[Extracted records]

• • • • •

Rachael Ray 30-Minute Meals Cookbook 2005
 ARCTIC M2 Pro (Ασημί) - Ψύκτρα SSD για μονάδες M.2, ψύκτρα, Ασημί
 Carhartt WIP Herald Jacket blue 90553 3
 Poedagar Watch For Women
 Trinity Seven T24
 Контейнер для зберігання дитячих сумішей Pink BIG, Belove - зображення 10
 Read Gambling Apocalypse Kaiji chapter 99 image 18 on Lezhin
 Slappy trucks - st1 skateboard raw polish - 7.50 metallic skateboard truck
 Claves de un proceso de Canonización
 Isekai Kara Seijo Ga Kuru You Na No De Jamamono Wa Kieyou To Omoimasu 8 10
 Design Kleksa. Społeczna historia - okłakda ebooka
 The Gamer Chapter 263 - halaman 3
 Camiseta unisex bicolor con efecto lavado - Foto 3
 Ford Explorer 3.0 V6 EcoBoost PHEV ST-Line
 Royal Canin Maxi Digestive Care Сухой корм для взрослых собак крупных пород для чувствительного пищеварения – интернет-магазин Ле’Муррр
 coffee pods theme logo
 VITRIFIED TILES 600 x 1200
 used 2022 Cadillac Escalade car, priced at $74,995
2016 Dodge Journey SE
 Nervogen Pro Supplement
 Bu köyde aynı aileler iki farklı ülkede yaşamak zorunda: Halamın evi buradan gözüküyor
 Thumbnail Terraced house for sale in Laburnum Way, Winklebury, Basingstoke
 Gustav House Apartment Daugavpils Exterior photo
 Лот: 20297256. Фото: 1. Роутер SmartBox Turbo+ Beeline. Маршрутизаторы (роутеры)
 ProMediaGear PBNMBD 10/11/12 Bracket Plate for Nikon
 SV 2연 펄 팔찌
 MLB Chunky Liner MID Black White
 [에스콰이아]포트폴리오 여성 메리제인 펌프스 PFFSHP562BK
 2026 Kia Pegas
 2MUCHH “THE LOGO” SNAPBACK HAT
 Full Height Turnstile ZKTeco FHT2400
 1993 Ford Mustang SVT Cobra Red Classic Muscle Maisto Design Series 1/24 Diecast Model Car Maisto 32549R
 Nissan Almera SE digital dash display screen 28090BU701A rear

• • • • •

Return, with no change at all, every line in the entries above from the line containing "Slappy trucks - st1" through the line containing "Camiseta unisex bicolor".

 Slappy trucks - st1 skateboard raw polish - 7.50 metallic skateboard truck
 Claves de un proceso de Canonización
 Isekai Kara Seijo Ga Kuru You Na No De Jamamono Wa Kieyou To Omoimasu 8 10
 Design Kleksa. Społeczna historia - okłakda ebooka
 The Gamer Chapter 263 - halaman 3
 Camiseta unisex bicolor con efecto lavado - Foto 3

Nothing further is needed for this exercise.